Balanced Accuracy
- Created by
- Renato Passos, Eng. de Software
- Reviewed by
- Renato Passos, Eng. de Software
Last updated: Apr 18, 2026
Formula
BA = (Sens + Esp)/2
About this calculator
The Balanced Accuracy is a measure used in statistics and machine learning to evaluate the performance of classification models. It calculates the average between the sensitivity and specificity of a model, providing a more balanced view of its ability to correctly detect positive and negative classes.
The formula to calculate the Balanced Accuracy is BA = (Sens + Esp)/2, where Sens is the sensitivity (or true positive rate) and Esp is the specificity (or true negative rate). This means that the measure considers both the model's ability to correctly identify positive cases and negative cases.
The Balanced Accuracy is particularly useful in situations where the classes in the dataset are imbalanced, i.e., when one class has many more instances than the other. In these cases, metrics like overall accuracy can be misleading, as a model that always predicts the majority class can have high accuracy but is not useful in practice.
When using the Balanced Accuracy, it is essential to be careful with the interpretation of the results. A high value does not necessarily mean that the model is good in all classes, but rather that it has a good overall performance in both classes. Additionally, it is crucial to consider other metrics and perform complementary analyses for a comprehensive evaluation of the model.
Frequently asked questions
What is Balanced Accuracy?
It is a measure that calculates the average between the sensitivity and specificity of a classification model, providing a balanced view of its performance.

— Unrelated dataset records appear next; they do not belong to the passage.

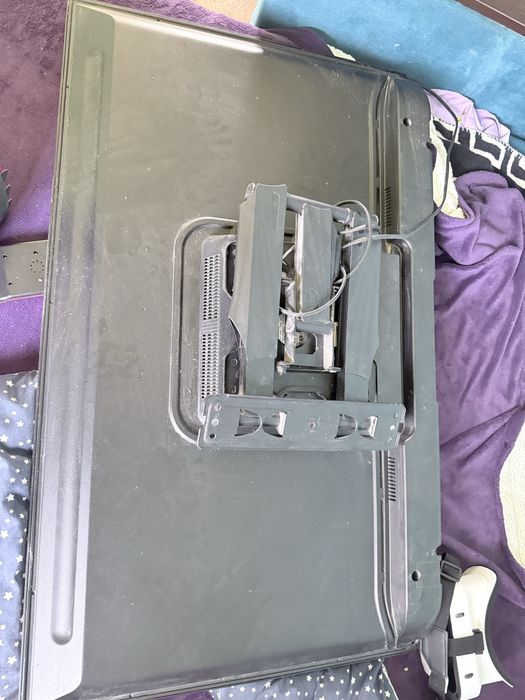 Продам телевизор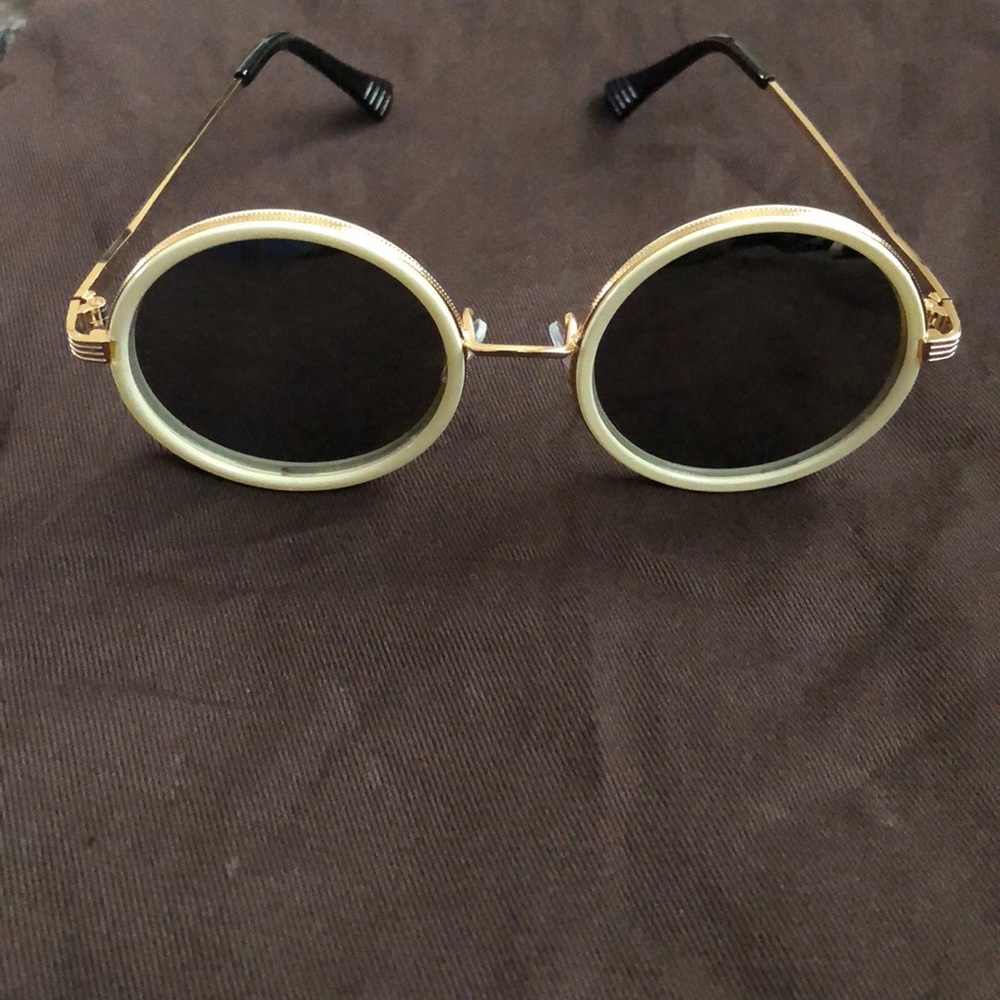 Unisex  White/Gold Trim Vintage mirror sunglasses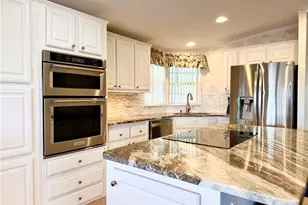 22 Amethyst Ave, Naples, FL 34114 - Photo 14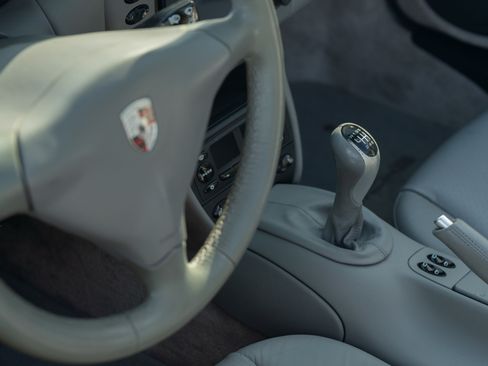 Used 2001 Porsche 911 Cabriolet image 9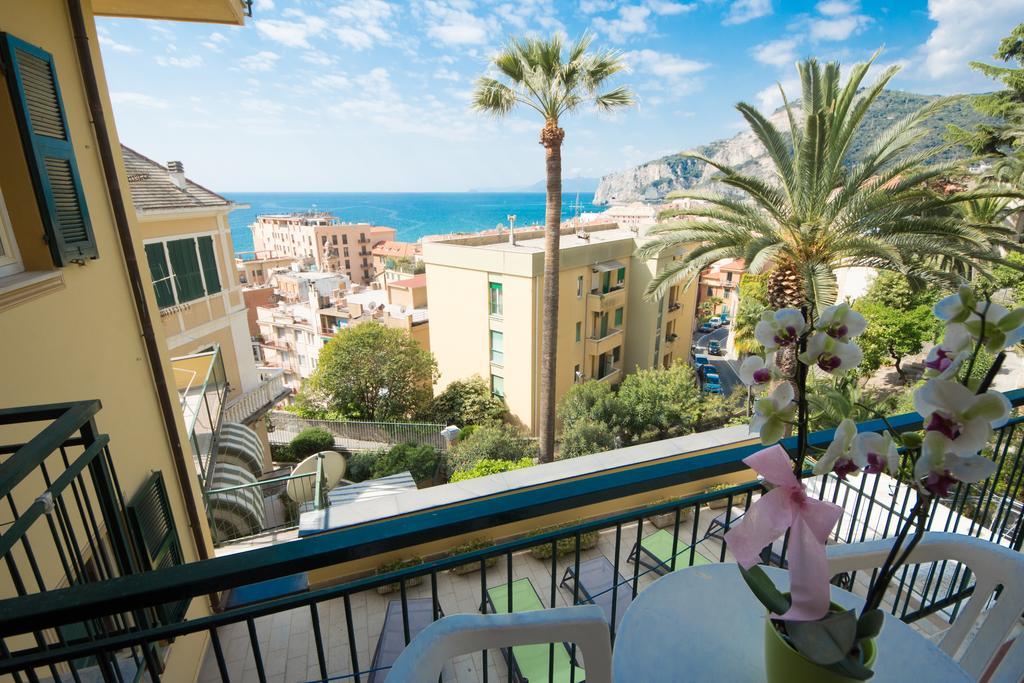 Hotel Deutsche Familien Finale Ligure Zewnętrze zdjęcie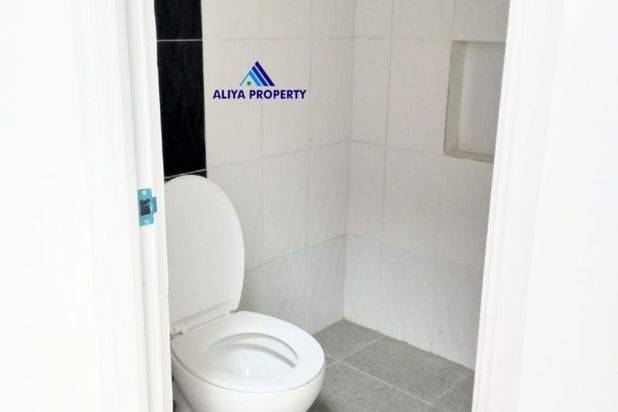 DI JUAL RUMAH LUAS BANGUNAN BARU SIAP HUNI DUKUH ZAMRUD,MUSTIKAJAYA,BEKASI TIMUR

When to use Balanced Accuracy?
Use it when the classes in the dataset are imbalanced and you need a fair measure of the model's performance.

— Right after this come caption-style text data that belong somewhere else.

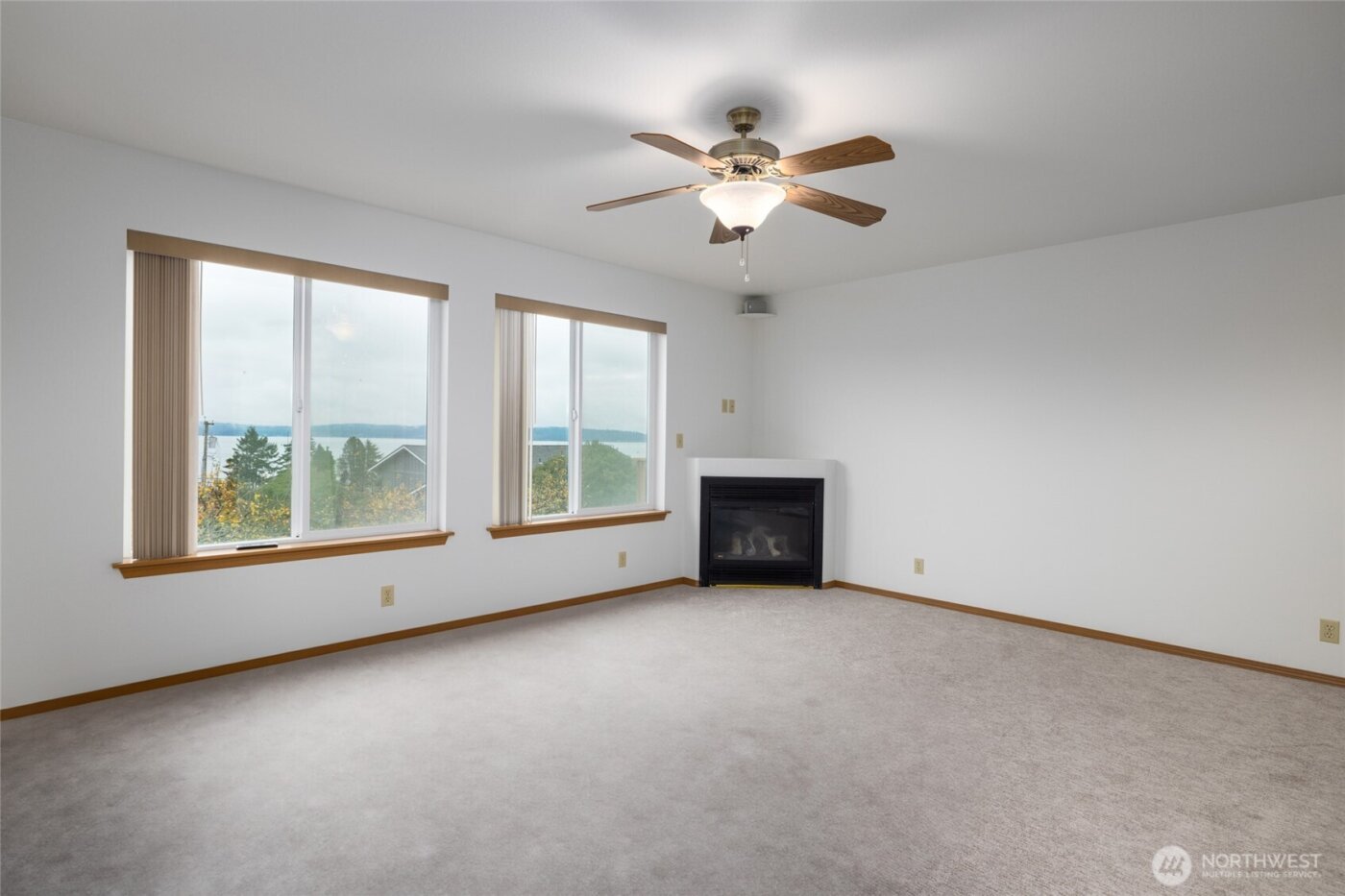 539 Birch Street , Oak Harbor, WA 98277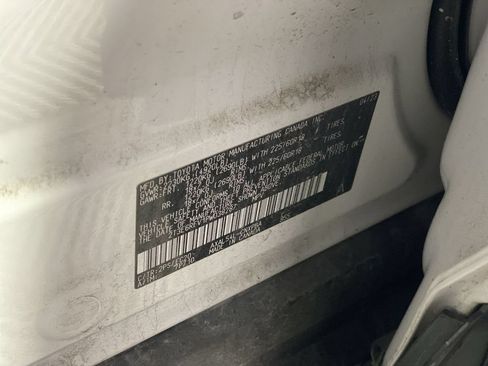 Used 2023 Toyota RAV4 XSE AWD/4WD image 20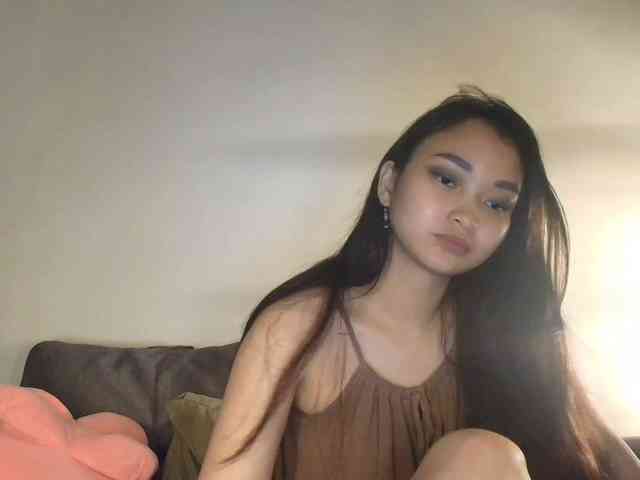 RozyElle webcam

What is the difference between Balanced Accuracy and overall accuracy?
Overall accuracy can be misleading in imbalanced datasets, while Balanced Accuracy provides a more balanced view, considering sensitivity and specificity.
How to interpret a high Balanced Accuracy value?
A high value indicates good overall performance of the model in both classes, but it is essential to consider other metrics for a comprehensive evaluation.
Is Balanced Accuracy useful for binary classification models?
Yes, it is particularly useful for binary classification models, especially in situations of imbalanced classes.